Post offices could be wiped out within three years if social welfare payments by-pass them, it was claimed today.
The Irish Postmasters Union has called on the Government to ensure post offices are able to keep making the welfare payments, which make up 60 percent of the network's business.
The union's president, Paddy O'Shea, today told the IPU annual conference in Castlebar, Co Mayo, that without welfare payments the entire post office network was under threat.
He told delegates that the electronic funds transfer (EFT) facility where the payment is sent directly from the Department of Social and Family Affairs to banks was inevitable.
The union last week called on the Communications Minister Noel Dempsey to use his influence with An Post to ensure the company provides post offices with an EFT facility.

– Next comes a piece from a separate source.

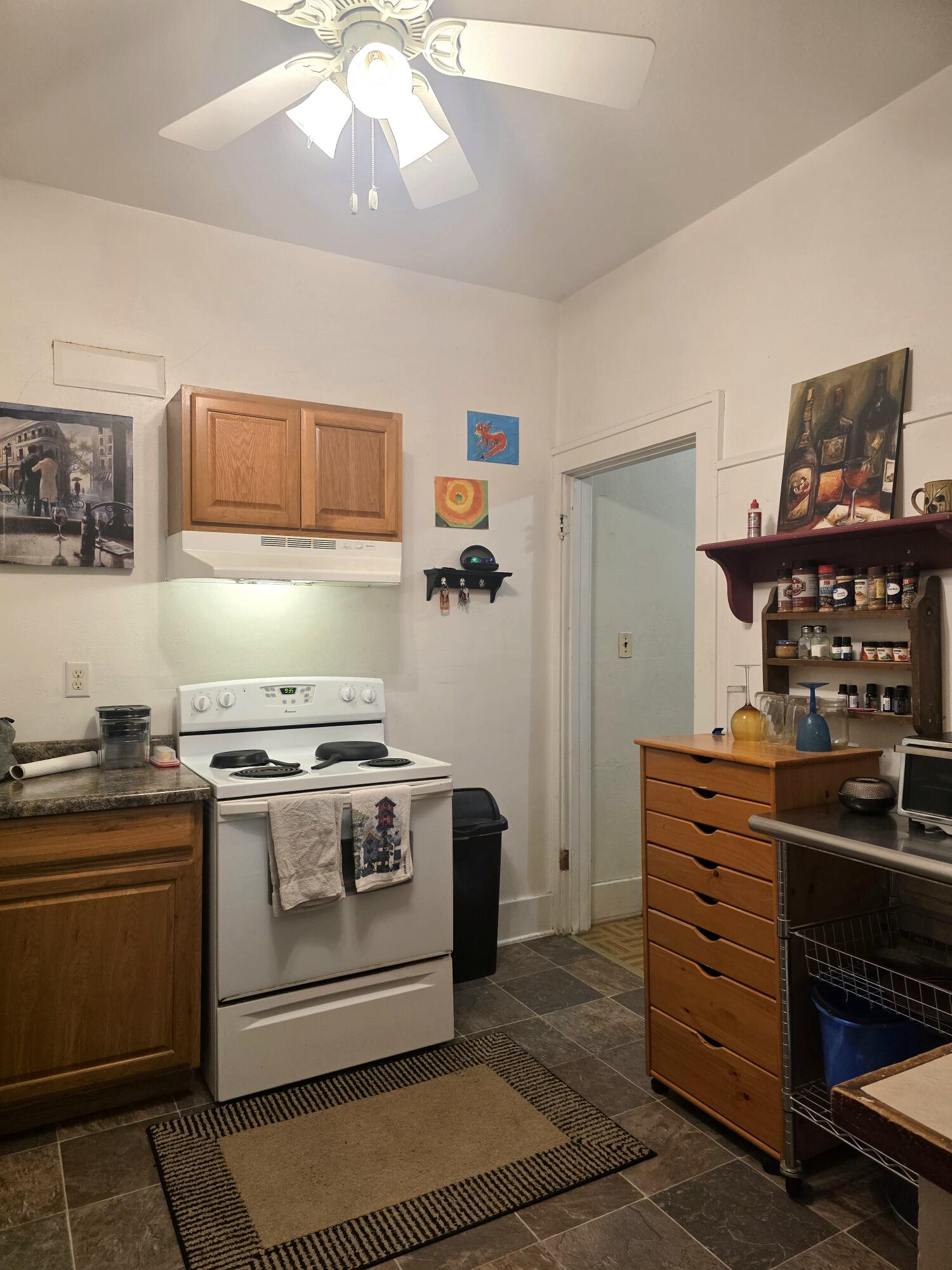 408 S Sanborn Blvd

"Let there be no doubt about it but the whole post office network will be wiped out in the next three years unless this issue is resolved quickly," Mr O'Shea said today.
"The social welfare contract is such a critical part of the total post office business that no amount of new business could fill that vacuum.

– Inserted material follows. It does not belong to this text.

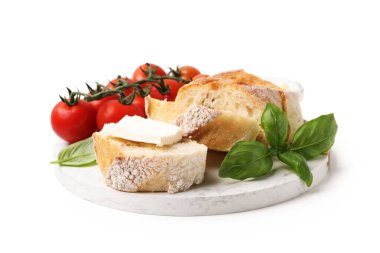 Beyaz üzerine yağlı, fesleğenli ve domatesli baget dilimleri.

"The Government will have to face up to its responsibilities to match their stated concern for the preservation of local communities by ensuring that the local post office not only survives but thrives."

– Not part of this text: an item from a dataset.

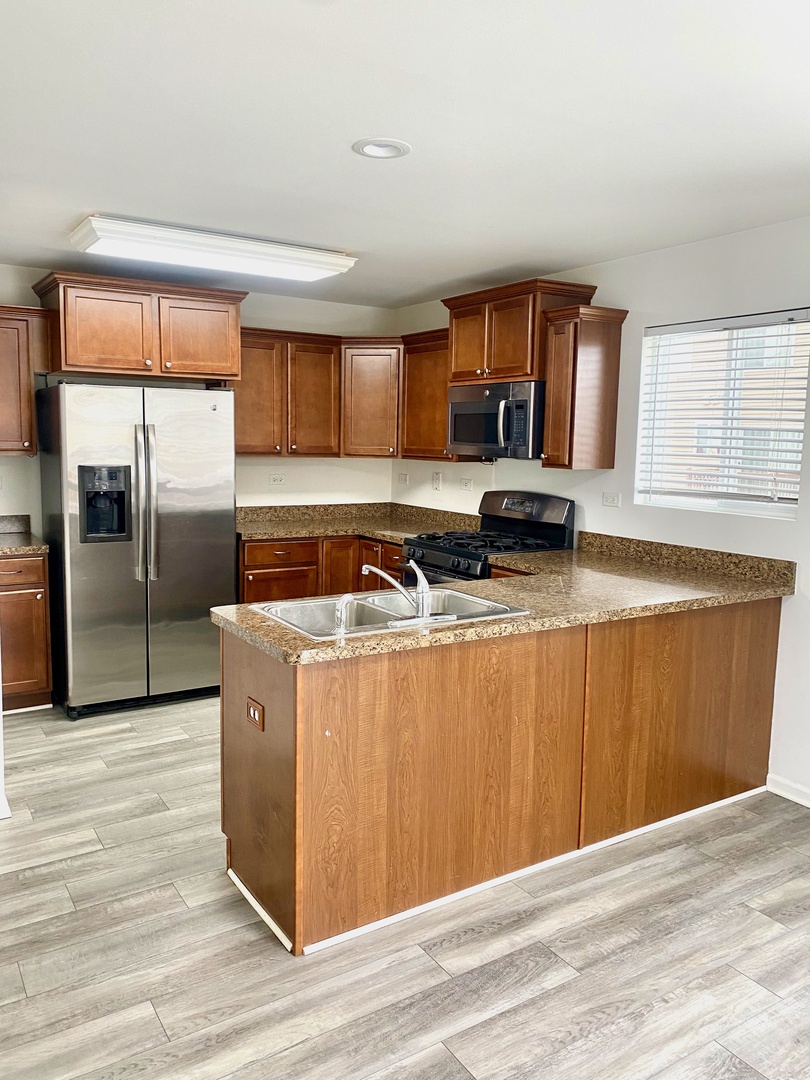 308 Niagara Drive, Volo, IL 60073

He said he was sceptical of claims by the Department for Social Affairs that they did not oblige recipients to go the banking route and that the initiative lay with the customers.
"However, what matters is that more and more social welfare recipients will go the EFT route and that will be to the detriment of our members," he said.
Mr O'Shea said that the mass resignation of the country's 1,400 postmasters and postmistresses could not be ruled out unless the social welfare payments were retained and there was an opportunity for the postal staff, who earn between 10,000 and 12,000 euro a year from their post office work, to improve their standard of living.